The Merry Gentleman Review
By David Kempler
Ladies and Gentlemen, Prepare to be Bored
About six months ago I was talking to a buddy and asked him whatever happened to Michael Keaton. He shrugged his shoulders and remarked that now that I had mentioned it, he hadn't seen Keaton in quite some time. He has always been, in my opinion, a vastly underrated actor, capable of comedy, drama, and pulling off deranged, as he did so well in "Pacific Heights". Whatever he has been up to, he has returned, and not only is he the star of the show but he is also the director of the show.
"The Merry Gentleman" opens as a smoldering, crackling, moody mystery that finds Frank Logan (Keaton) assassinating "ordinary citizens". People get shot in office buildings, cars, wherever they happen to be. Logan is calculating, unfeeling, unfazed and seemingly acting without reason. Of course we know there is a reason and the journey will hopefully reveal everything in a rewarding way. That is not the case here.

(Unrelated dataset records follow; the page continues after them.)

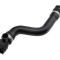 Furtun aer Bmw Seria 5 E60 2007-, NTY GPP-BM-043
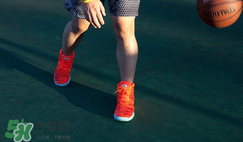 adidas d rose 7上腳怎么樣？阿迪達(dá)斯羅斯7代籃球鞋測(cè)評(píng)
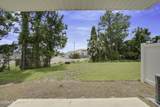 200 Palmeras Marinas Lane - Photo 39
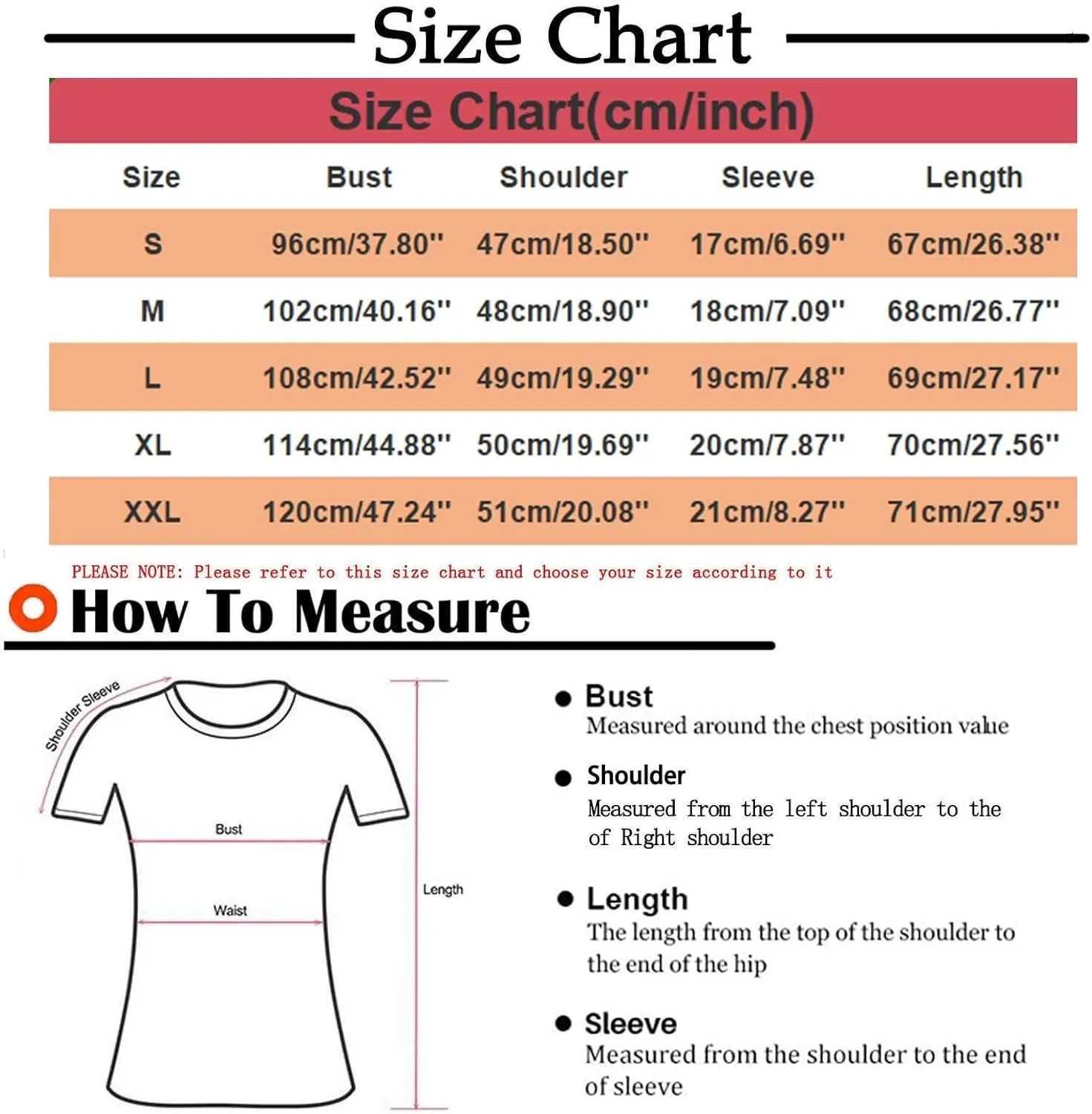 Alzheimers Awareness Shirts Women Crewneck Floral Print Graphic Tee Casual Summer Tops Short Sleeve Loose Comfy T Shirts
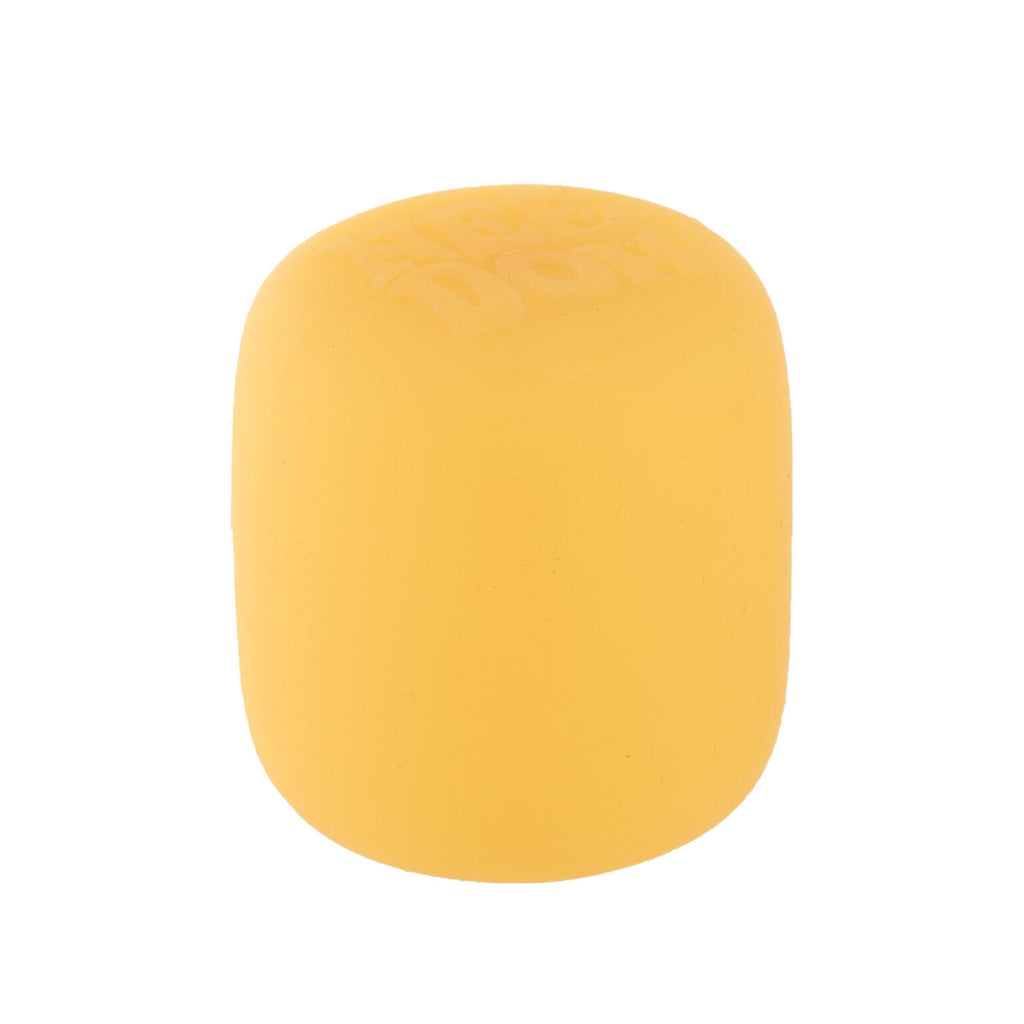 NeeDoh Mello Mallo – genuine NeeDoh sensory toy, view 7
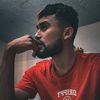 nkereyxo9j8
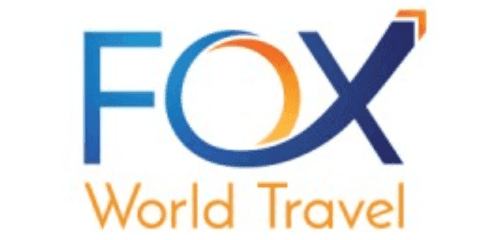 travel-img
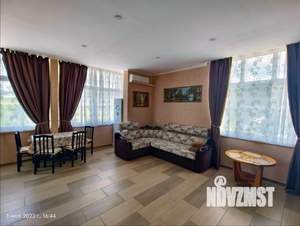 2-к квартира, вторичка, 62м2, 4/9 этаж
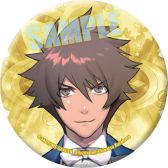 画像ギャラリー No.018のサムネイル画像 / 「乙女チック4Gamer」第143回：さまざまな追加要素を収録した「うたの☆プリンスさまっ♪Amazing Aria ＆ Sweet Serenade LOVE」を特集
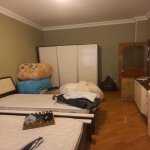 Аренда 3 комнат Новостройка, м. Мемар Аджеми метро, 3-ий микрорайон, Насими район 7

Kelly Macdonald (Kate Frazier) answers phones in an average office and exists in a world with overly average people. Her path crosses with Logan when she thinks she may have witnessed someone pondering suicide. This interaction sets off a series of events that feel improbable, forced, and that simply don't make much sense. People are being executed, cops are looking for the bad guys and Logan and Macdonald find themselves in the middle of a non-relationship.
What started as an intriguing film simply devolves into a bore-fest that leaves us scratching our heads. We sit there anxiously awaiting something, anything to happen. Perhaps it will enlighten us as to what is going on behind the readily apparent. But nothing does happen. To be totally fair there are one or two moments of mystery but these instances also lay out there like a balloon that has lost all of its air. Again, nothing is explained to the audience. We are reduced to staring at something even if we do not have a clue what it is.
When "The Merry Gentleman" mercifully ends and the credits roll you are left with nothing to hold onto or chew upon. Certainly this has been done on purpose; the question is why. When the lights came on inside the theater, I turned to my lady friend and asked her to explain to me what we had just witnessed. She shrugged and didn't have a clue. I turned to the row of people behind us but they were as confused as we were as to what we had watched. The same scene played out all over the theater. It left me wishing that Mr. Keaton had waited a bit longer to return to the screen.